The Americans have always been much more of a stronger power in
the Pacific in the second half of the 20th century than they have
actually in Europe, because in Europe they have been tied into
a series of multilateral institutions such as NATO, such as playing
a pivotal role in the initial foundations of the European Union.
So it has always been an established power in Europe but one with
collaborative partners. Apart from Japan, it has not had that
institutional structure in Asia, so it has always played far more
of a unilateral role. I suspect therefore that the American response
after some debate will try and be to build multilateral institutional
links in Asia, to try to augment a regional capability, because
the concern of China's regional neighbours is about the Spratley
Islands for example. Much of this is a debate not about the politics
around this incident but really the politics about China's capacity
to expand its claim over the Spratley Islands, with its enormous
oil resources which China wants to garner. So in that sense we
will see more of a focus on Asia. About their attitude towards
the Europeans the Americans are tremendously ambivalent and always
have been, which is that they move back and forth, especially
about the Germans. On the one hand they do not want the Germans
to have cheque-book diplomacy, they want the Germans to show leadership
capability but when the Germans do they say, "Yes, but you
should follow our leadership", so in that sense they cannot
win. I think that is symptomatic of Europe more generally.
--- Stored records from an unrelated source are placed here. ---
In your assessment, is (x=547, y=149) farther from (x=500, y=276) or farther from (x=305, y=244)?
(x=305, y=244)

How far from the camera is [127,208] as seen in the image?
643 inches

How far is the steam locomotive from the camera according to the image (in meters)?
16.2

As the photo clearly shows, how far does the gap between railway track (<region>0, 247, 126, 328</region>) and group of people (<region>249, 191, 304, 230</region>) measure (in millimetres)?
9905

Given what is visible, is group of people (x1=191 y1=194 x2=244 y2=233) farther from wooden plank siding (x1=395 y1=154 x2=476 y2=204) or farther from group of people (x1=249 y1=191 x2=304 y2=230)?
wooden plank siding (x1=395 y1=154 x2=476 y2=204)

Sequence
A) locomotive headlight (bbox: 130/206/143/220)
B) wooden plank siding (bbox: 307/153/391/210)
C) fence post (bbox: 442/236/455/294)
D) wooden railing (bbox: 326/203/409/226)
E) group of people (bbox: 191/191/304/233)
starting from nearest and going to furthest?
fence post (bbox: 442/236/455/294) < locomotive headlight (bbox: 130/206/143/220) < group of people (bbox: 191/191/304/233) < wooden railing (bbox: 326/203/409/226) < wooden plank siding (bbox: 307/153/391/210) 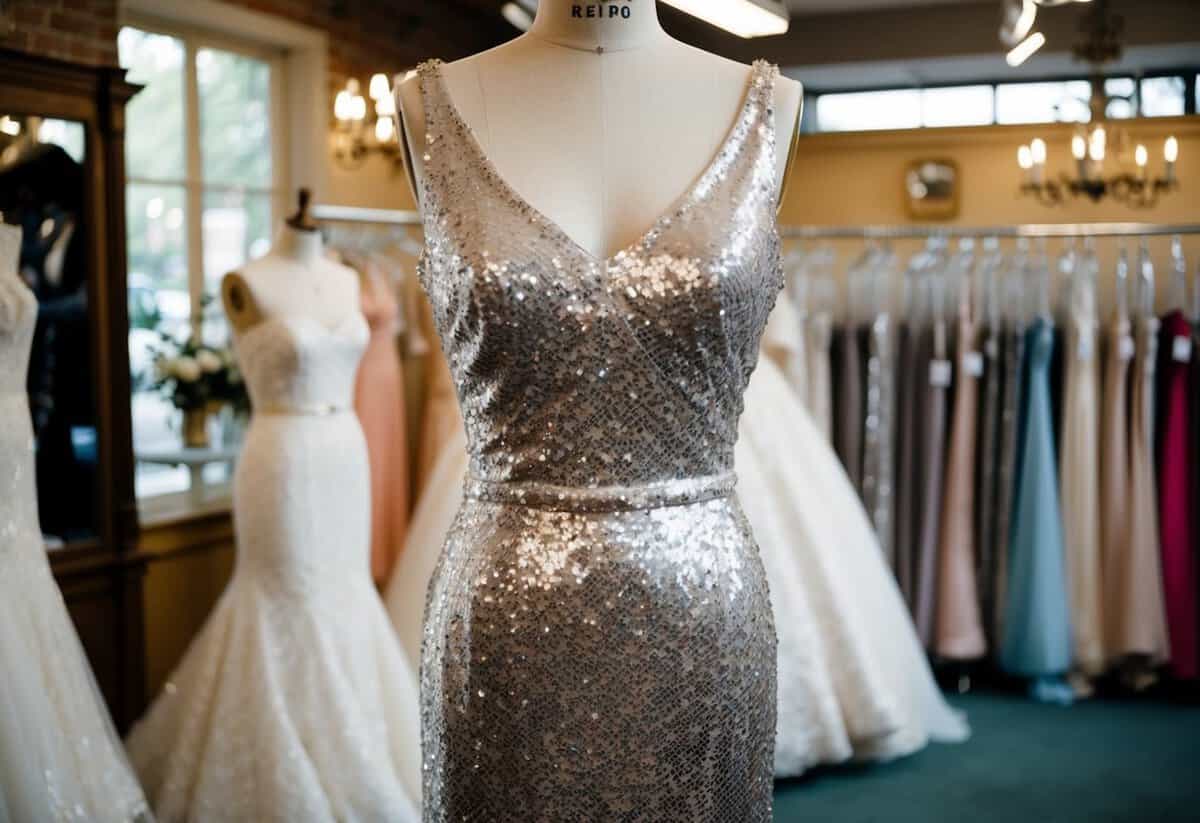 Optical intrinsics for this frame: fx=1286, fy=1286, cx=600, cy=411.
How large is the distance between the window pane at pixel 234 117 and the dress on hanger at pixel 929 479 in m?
2.67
78. In incidents like the aeroplane, if this
got more serious and China thrust into Taiwan and the Americans
feel the need to demonstrate their willingness to use military
power there, will they look to Britain or the European Union,
or Britain and Germany or whatever, to play any role in that at
all? Or do you think they will see this as a Pacific conflict
they will handle on their own with whatever regional allies they
have got?
(Professor Reich) The Europeans have been relatively
active over the last six months or so in trying to build bilateral
ties with Asia, and I would imagine in that contextand
this is just imagining them playing it outif the Americans
wanted the Europeans to play a role it would be encouraging the
Europeans to speak to the Asians bilaterally about that rather
than integrating them into some Pacific force. I think that would
be stretching it too far.
Sir David Madel
79. Are you saying on the China policy with
this administration we will be informed rather than consulted
as to the policy development of the United States towards China?
(Professor Reich) I think there might be the veneer
of consultation but at the end of the day it is the kind of consultation,
"We have heard you, we have listened to you, if we do not
agree with you, we will respectfully go our own way."